Self-enumeration date extended after objections

QUETTA: Pakistanis now have seven more days to self-register online as part of the country’s first-ever digital census, as the government on Friday extended the deadline after requests from various quarters that the time allotted for the exercise was too short.

The self-enumeration process began on Feb 20 and was supposed to end at 12am Saturday.

“On the explicit recommendation of the provinces, the date for self-enumeration at self.pbs.gov.pk has been initially extended for seven days,” the spokesperson for the Pakistan Bureau of Statistics said in a statement on Friday.

The optional self-registration is followed from March 1 by a month-long collection of details by more than 120,000 enumerators using tablets and mobiles, which organisers say will make the process more accurate, transparent and credible.

The digital count will also provide data for policy decisions, which are now based on the 2017 census that cou­nted the population at 207 mil­lion people.
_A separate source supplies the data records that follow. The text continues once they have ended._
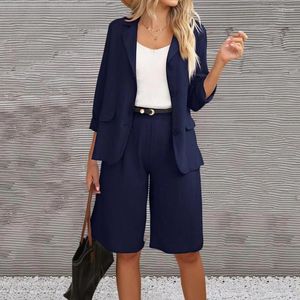 Dostyki damskie Formalne spodenki Blazer Suit Długość kolan Pants Lady Business Cardigan Plus Size Zestaw płaszcza Codzienne zużycie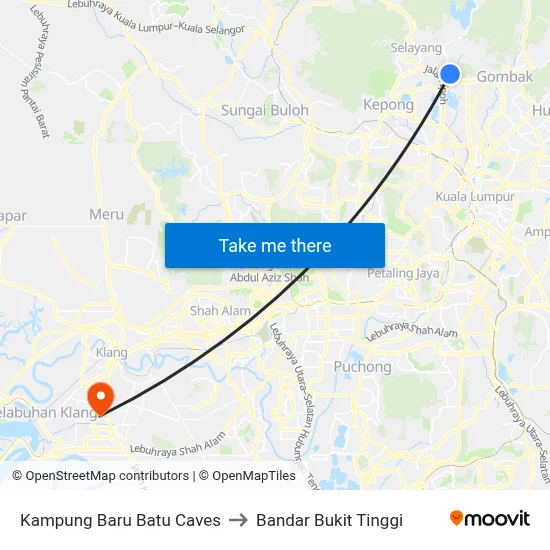 Kampung Baru Batu Caves to Bandar Bukit Tinggi map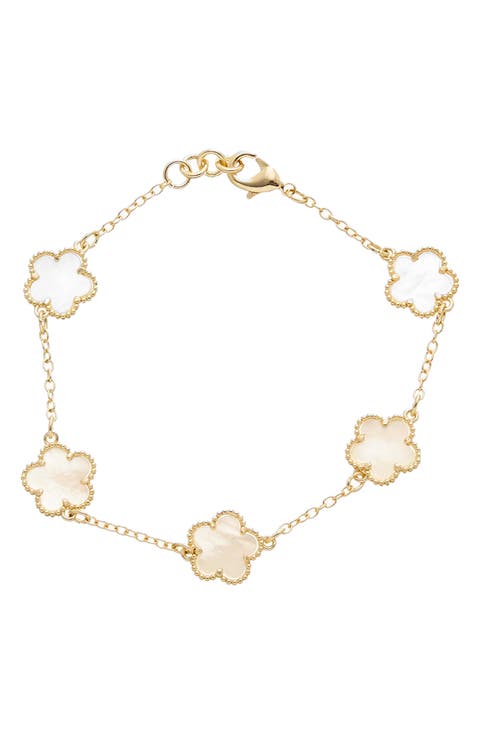 Mother-of-Pearl Clover Station Bracelet
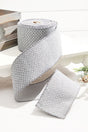 4” x 10 Yard Gray Woven Dot Knitted Ribbon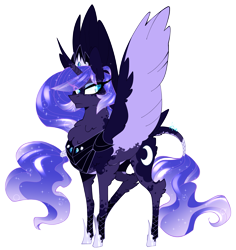 Size: 2169x2293 | Tagged: safe, artist:ajue, imported from derpibooru, princess luna, alicorn, pony, armor, chest fluff, chestplate, clothes, colored wings, crown, dappled, female, fluffy, jewelry, leg wraps, leonine tail, mare, necklace, peytral, redesign, regalia, shoes, simple background, socks (coat marking), socks (coat markings), solo, tail feathers, transparent background, wings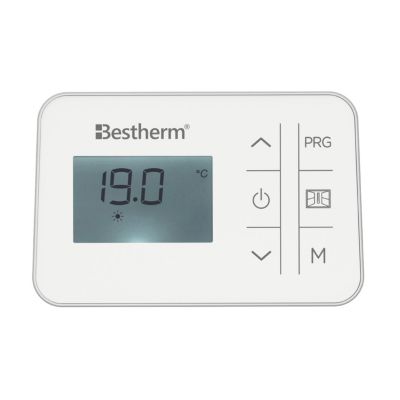 Radiateur électrique fixe à inertie sèche céramique 1500W BESTHERM ALBA horizontal blanc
It is also exp­ected to avoid controversies that beset the 2021 census, which was done manually and its results were never announced over complaints about errors and exclusion.

Deadline for online registration moved forward by a week

As for the ongoing census, the objections mainly came from the coalition government’s ally Muttahida Qaumi Movement-Pakistan, which said earlier this week that Prime Minister Shehbaz Sharif had decided to extend the deadline for self-enumeration.

Other parties have also expressed concerns.

On Friday, the central secretary general of the Balochistan National Party-Mengal also described the census arrangements as insufficient and demanded the government extend the deadline for 10 days to count the households and for two months to count individuals.

Speaking at a press conference in Quetta, Waja Jahanzeb Baloch said the party would stage a protest on March 6 on the issue.

He said the census had started in Balochistan, like the whole country, but the arrangements were insufficient. “We have not seen the [census] staff in two days,” he lamented.

He said only 1,310 blocks had been marked in Quetta, which had a population of three million, and only 100 vehicles had been provided to the staff.

He said the census was meant for counting people and it was not necessary to conduct the census within three days.

So the deadline should be extended.

He said only 24 supervisors and some 120 enumerators have been assigned to Gwadar district and it was impossible for them to cover 700 kilometres in such a short period.